[[ EXCERPTED DATA, beginning ]]
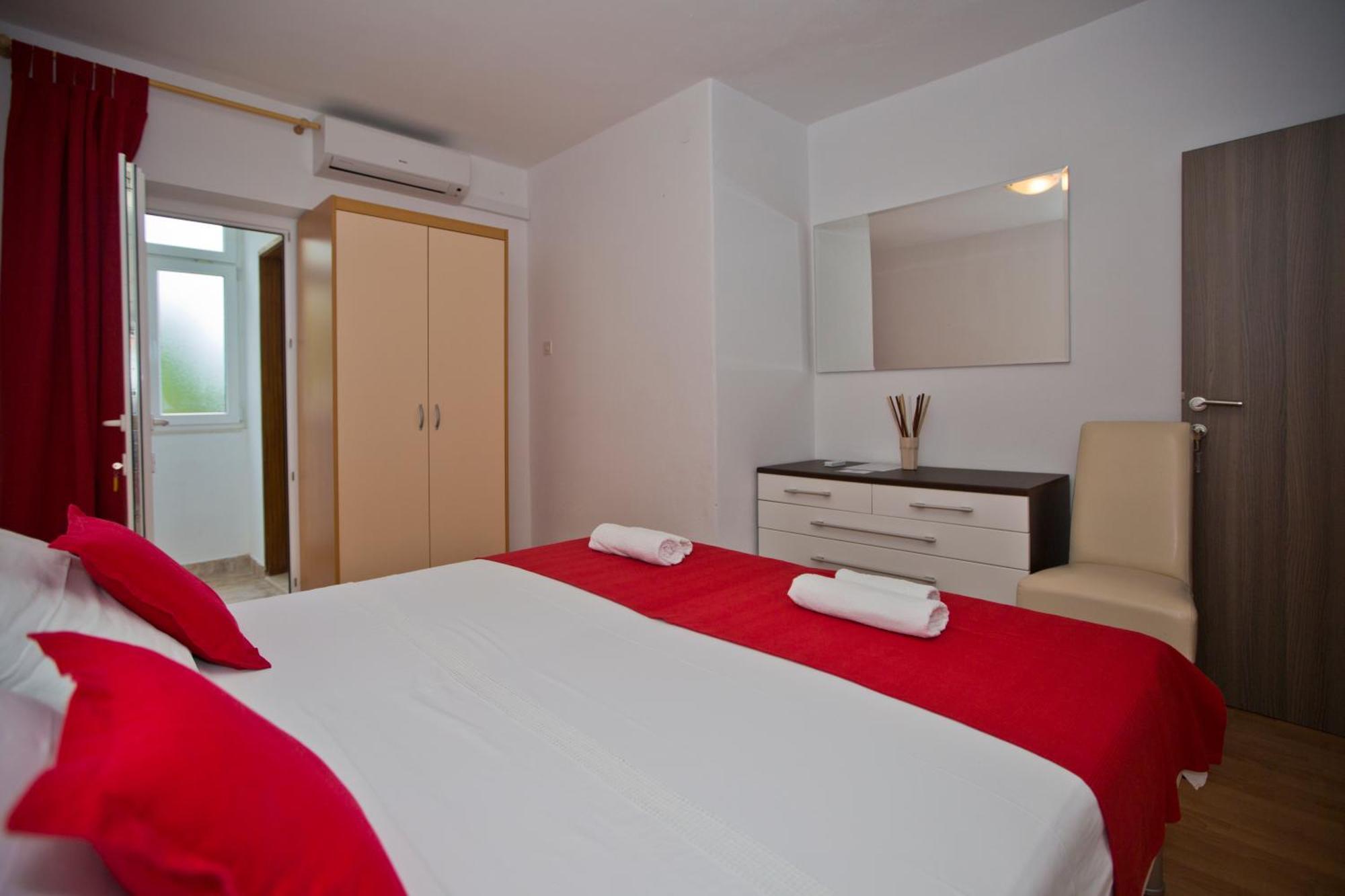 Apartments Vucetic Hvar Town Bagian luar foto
[[ EXCERPTED DATA, end ]]
[[ EXCERPTED DATA, beginning ]]
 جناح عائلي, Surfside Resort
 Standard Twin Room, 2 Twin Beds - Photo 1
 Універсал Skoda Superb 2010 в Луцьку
[[ EXCERPTED DATA, end ]]
*WORK INSTRUCTION:* Copy the lines above exactly. Start with the line containing "Standard Twin Room, 2 Twin Beds - Photo 1", end with the line containing "Універсал Skoda Superb 2010 в Луцьку", and include both.

*EXERCISE RESULT:*
 Standard Twin Room, 2 Twin Beds - Photo 1
 Універсал Skoda Superb 2010 в Луцьку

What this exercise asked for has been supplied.